What is a "Root Cause Analysis" NOT?
- A Root Cause Analysis is NOT a process for assigning of blame or responsibility for a bad thing happening.
If your process is undertaken with the goal of point the magic finger of blame at a person you are not performing a Root Cause Analysis. We'll call this process Blamestorming.
- A Root Cause Analysis is NOT a way to absolve a person or system of responsibility for a bad thing happening.
If your process is undertaken with the goal of pointing the magic finger of blame away from yourself or a system you're responsible for (e.g. by attributing an incident to "Human Error") then you are not performing a Root Cause Analysis. This is just another form of Blamestorming.
- A Root Cause Analysis is NOT identifying things to fix.
It's nice if the result of your analysis includes recommendations and fixes, and this is certainly a goal of analyzing how and why things failed, but that is a result, not a process.
So what's wrong with a "Root Cause Analysis"?
Hopefully my definitions above seem sane to you - if you're like me they probably seem like the Right Thing To Do when something breaks. So if we're adhering to the definitions I provided above of what Root Cause Analysis is and is not what's the problem? Why do smart and qualified people keep saying "Root cause analysis is bad!" all the time?
Lots of reasons. Some I agree with, and some I don't.
The semantics of the word "Root"
A frequent complaint about the term "Root Cause Analysis" is a semantic one: The implication (by use of the word "root") that there is only one underlying cause for a bad thing happening, and that you can magically make that bad thing stop happening if you can just fix that one underlying cause.
This is sometimes true but as the complexity of a given system increases the chances of there being a single easily identifiable cause rapidly approaches zero. A proper "Root Cause Analyis" should not lead to a single magical cause, but rather to a list of causes and factors (those words having the meanings which I gave above).
The semantic point is one that I will readily concede - If you don't like the term "Root Cause Analysis" then call what you do something else. As long as it meets my operating definition above and steers clear of the rest of these caveats I'm happy that you're Doing It Right.

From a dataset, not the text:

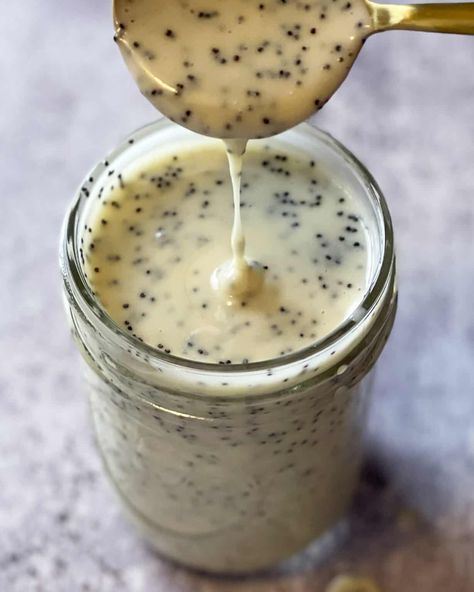 Honey Poppyseed Dressing, Poppyseed Dressing Recipe, Poppyseed Salad Dressing, Sweet Dressing, Salad Dressing Recipes Healthy, Poppyseed Dressing, Ranch Dressing Recipe, Poppy Seed Dressing, Pecan Salad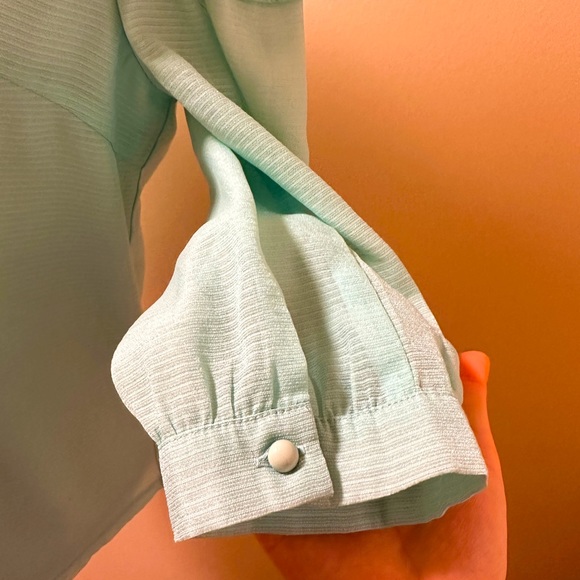 3/4 Sleeve top with open shoulder size M 160/84A - Picture 3 of 4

If you want to argue semantics beyond the above you should feel free to do so, but not with me: I use the term "Root Cause Analysis" is embedded into regulations I work with every day. In many cases I am legally required to use that phrase to describe my investigative process, and must identify something as a "Root Cause" at the end of the process or my company will be found to be in violation.
If that bothers you then know that I am equally bothered, but your fight is with the United States Government and the International Organization for Standardization, not with me.
The "Easy Fixes" Temptation
There is a natural human tendency to look for the easiest solution to any given probelm we're presented with.
- Problem: The car's engine stopped running on the way to grandma's house.
- Root Cause: I ran out of gas ("Human Error").
- Solution: Take more gas next time, or stop for gas on the way.
Seems simple and logical, right? That's the easiest fix in the world. No investigation required, right?
Here's a piece of information you didn't have: When the engine quit I looked down at the dashboard and the gas gauge said "Full" but when we looked in the tank it was bone dry.
Suddenly the "Root Cause" has changed - The gas gauge in this car is broken. The solution is different too: Get the gas gauge fixed so you know how much gas you have, then you can make an educated decision on when you need to get more.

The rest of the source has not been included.